Saba could use the votes to try to extract reduced fees, waivers, fund caps or a liquidity event like a tender offer of 25% of the shares, the anonymous source said.

In the 12 months ended Nov. 30, each of the three Amundi Pioneer funds made 12 distributions to shareholders at rates ranging from 2.75 to 5 basis points per share, filings show.

Because Saba owns over 10% of each fund, they are subject to short-swing profits, said Laura Bissell, senior managing director at Okapi Partners. If they want a discount, one of the only ways is to get out through a large tender offer, she said.

“[T]hey aren’t long-term [closed-end-fund] investors,” she wrote in an email. “It’s the same old game – they want to get the difference between NAV and market price paid to them without regard for the other shareholders.”

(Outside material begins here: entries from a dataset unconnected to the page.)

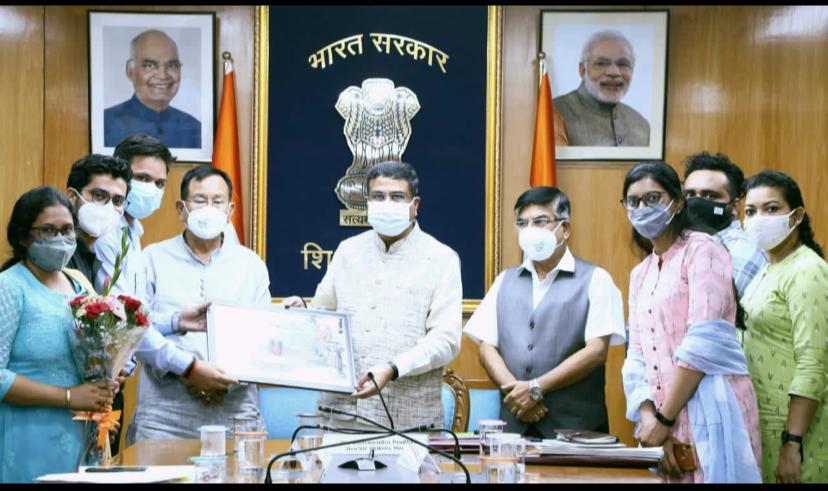 SanjeevJEC's tweet image. मोदी जी
ये हम #teqip_faculties हैं, 5 साल पहले हमें भी यही आश्वासन दिया गया था। लेकिन 4 साल बाद निकाल दिया गया।
सारे MoU कचरे के डिब्बों में फेंक दिए गए और
सरकारों की अकर्मण्यता ने 1200 IITian और NITians की जिंदगी तबाह कर दी।
और आज यही आश्वासन #Agniveers को दिया जा रहा है। 😡🤬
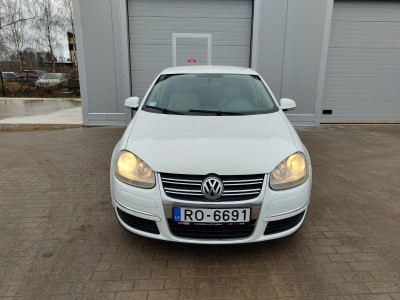 VW Jetta 2.5 benzīns/gāze 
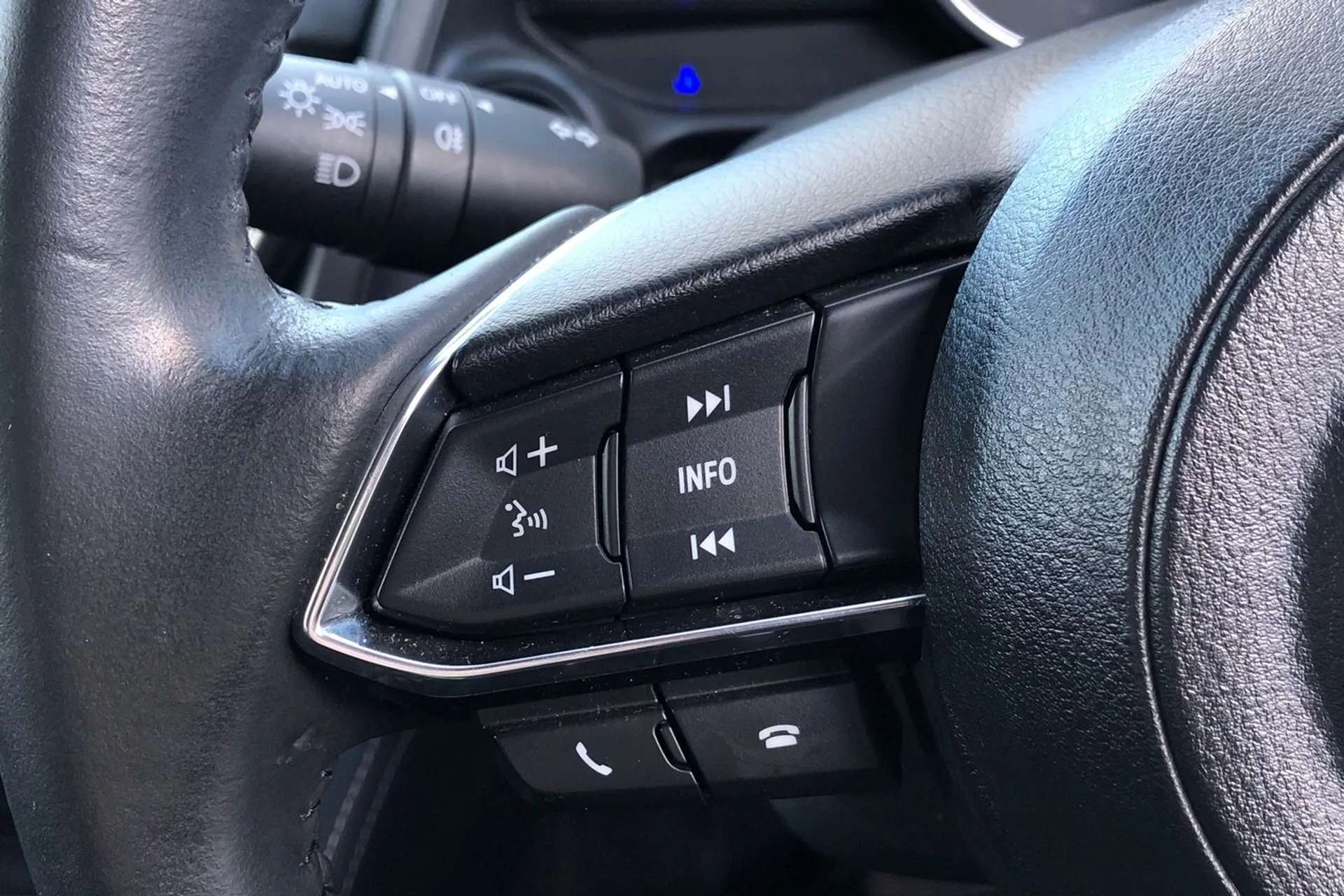 2020 MAZDA MAZDA2 2020 MAZDA MAZDA2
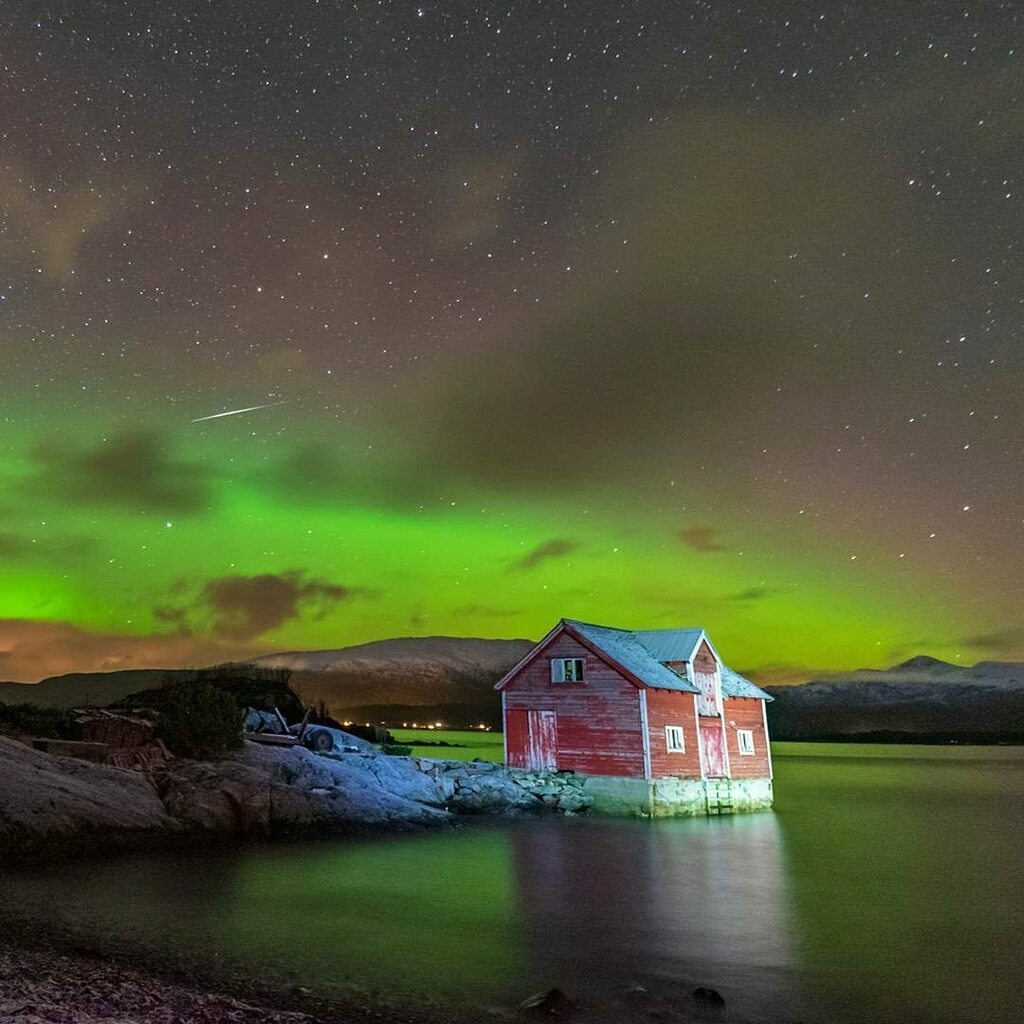 Nordlyset 🤩 Har du sett det? 
📸 @fotobruket 

#fjordkysten #fjordnorway #visitnorway #northernlights #askvoll instagr.am/p/CHKQmyJsLXz/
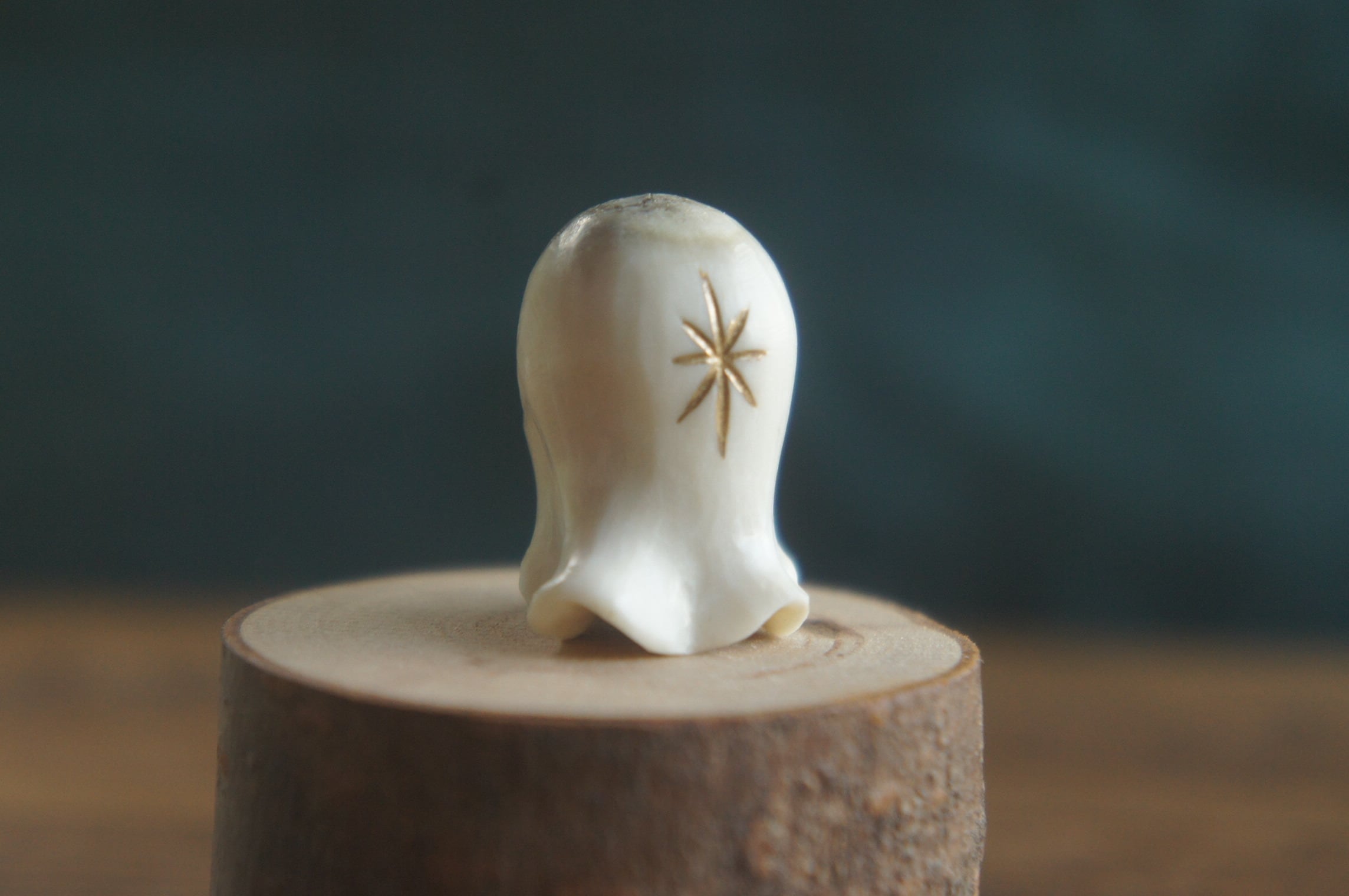 鹿彫　額縁 鹿角彫刻「兎角亀毛」お祈りおばけ【3】 | deer bone 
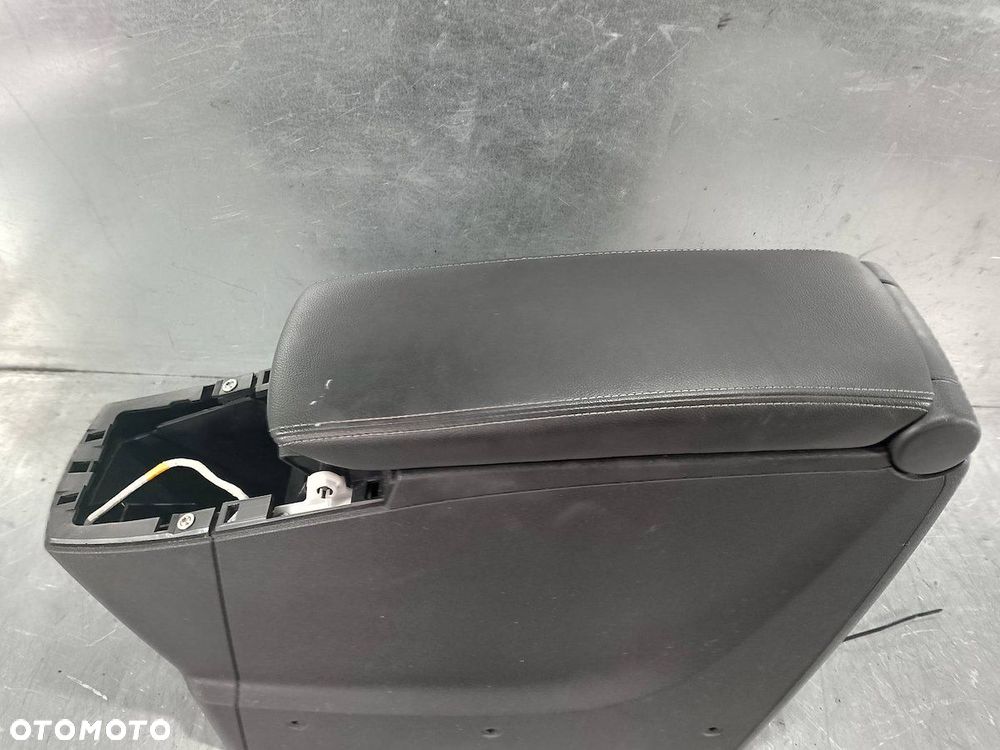 PODŁOKIETNIK RENAULT SCENIC III ( 09-16 ) 8-127-320 - 1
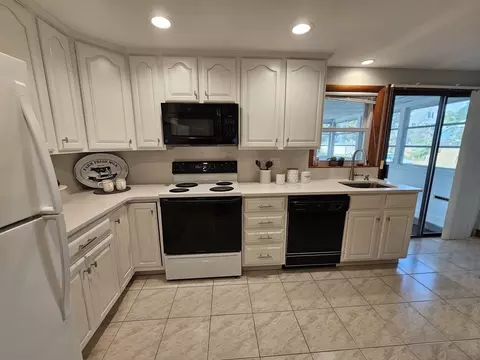 Kitchen - 11 Tuttle Ln, Saugus, MA 01906 photo 3 of 4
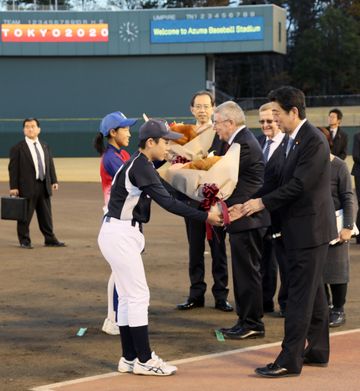 Photograph of the Prime Minister visiting the Azuma baseball field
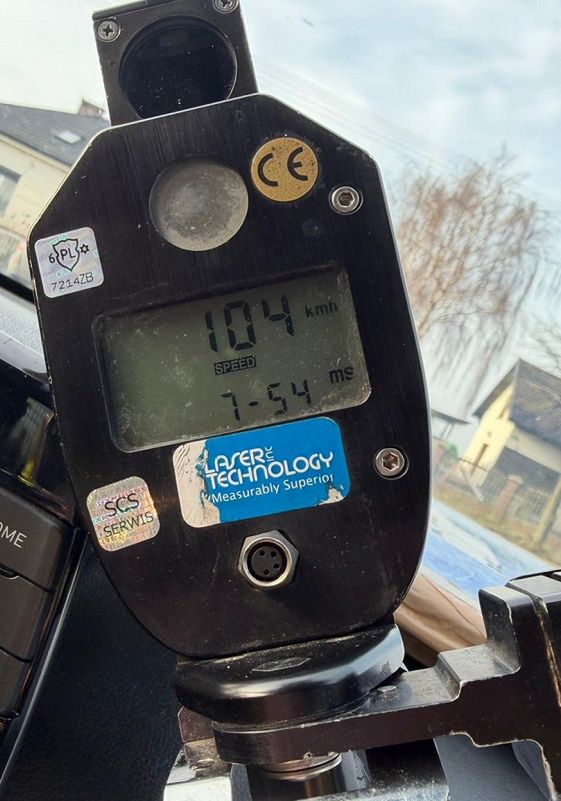 104 km/h w terenie zabudowanym. Kierowca z gminy Teresin stracił prawo jazdy!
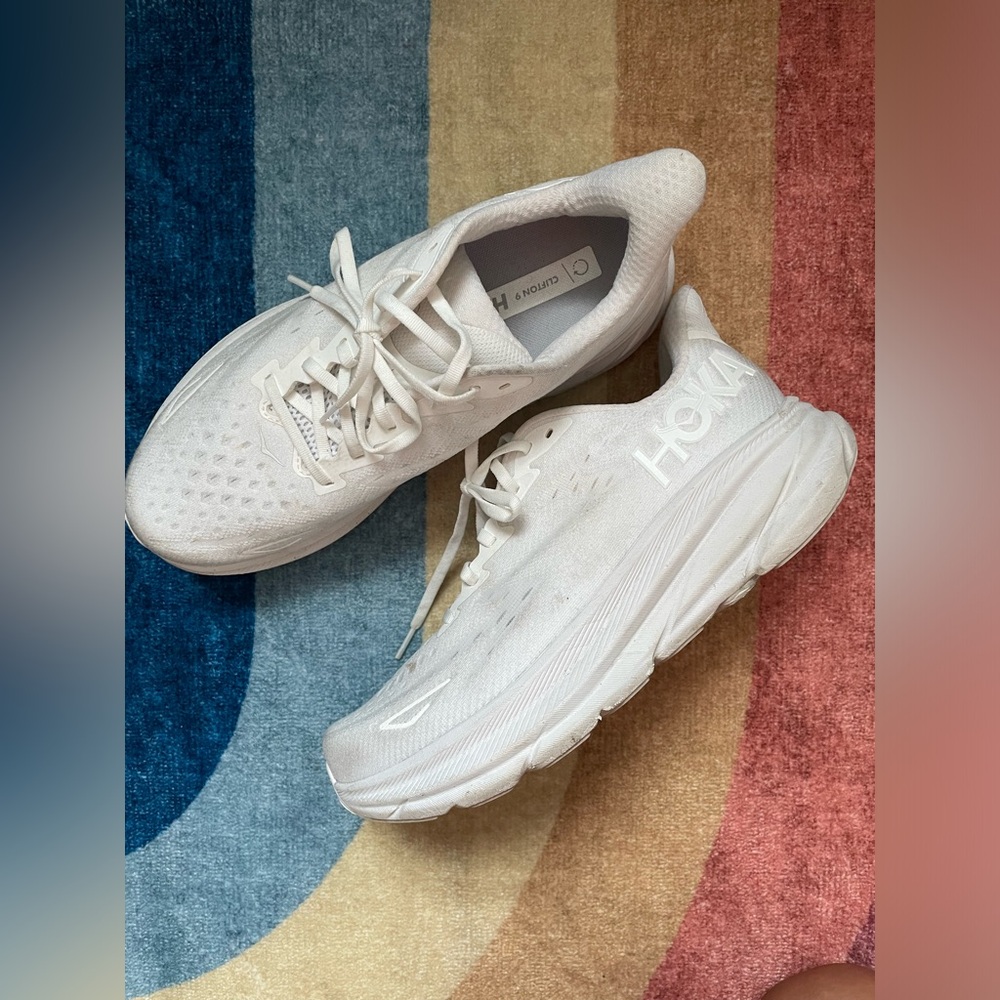 HOKA Clifton 9 sneakers in White - Size 11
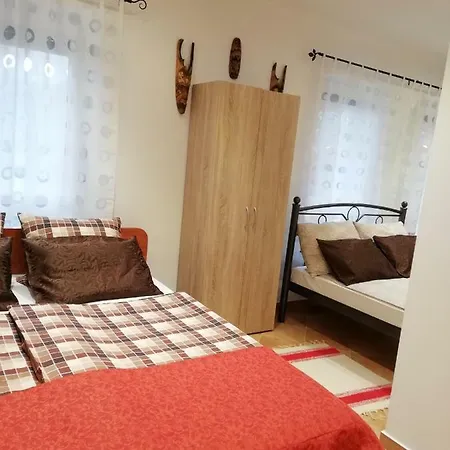 Zoe Apartman *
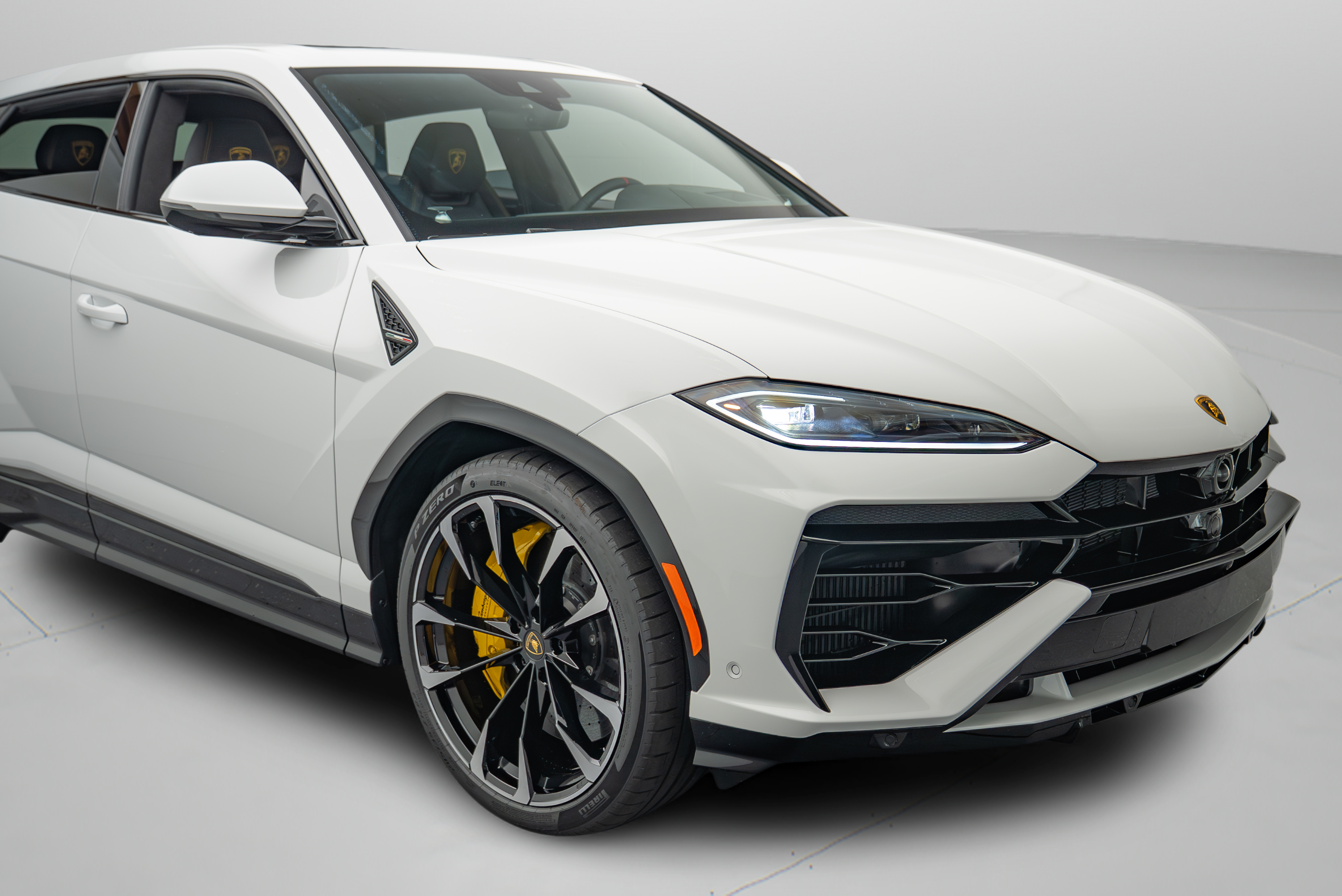 2025 Lamborghini Urus SE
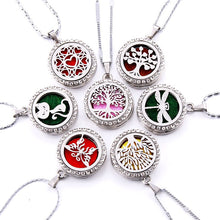 Load image into Gallery viewer, Aroma Locket Necklace Magnetic Stainless Steel Aromatherapy Essential Oil Diffuser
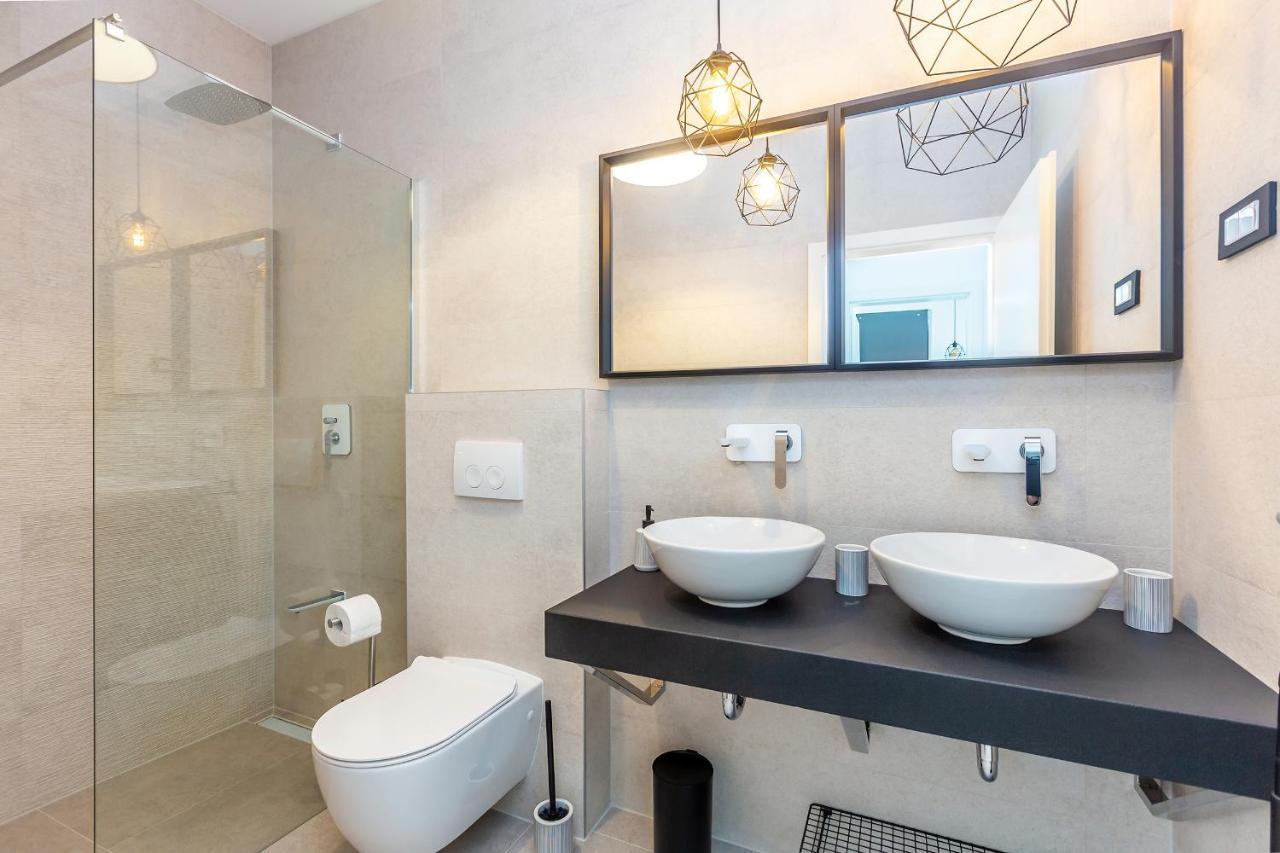 Luxury Apartment Noa ニヴィーチェ エクステリア 写真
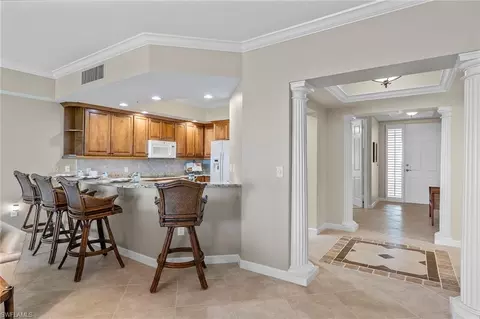 325 Dunes Blvd #904, Naples, FL 34110 photo 8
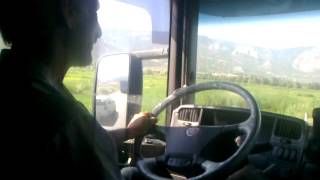 Kamyoncunun Onunde Ani̇den Fren Yapi̇p Kacan Si̇vasli̇ Kro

For example, in August 2016, Saba tried to use the shareholder resolution process to extract a tender offer from a $433 million Franklin Templeton closed-end fund. Saba used its nearly 15% stake in the Franklin fund to petition for a vote for a tender or else liquidate or convert the fund to an open-end fund. Franklin tried unsuccessfully to have the Securities and Exchange Commission prevent the shareholder proposal.

In December, Saba successfully pressured First Trust to convert a closed-end fund into an ETF after filing a shareholder resolution to receive a concession on the closed-end fund’s price and net asset value discount, or else convert. First Trust said the conversion was for several business reasons unrelated to Saba.

How Saba approaches each closed-end fund depends on the terms of each closed-end fund’s charter, Bissell said.

The Investment Company Institute has called on the SEC to cut proxy voting requirements for certain registered funds as a way to protect them from activists like Saba.

The Municipal High Income Fund launched in July 2003, the Municipal High Income Advantage Fund debuted in October 2003, and the Municipal High Income Opportunities Fund rolled out in August 2021, filings show.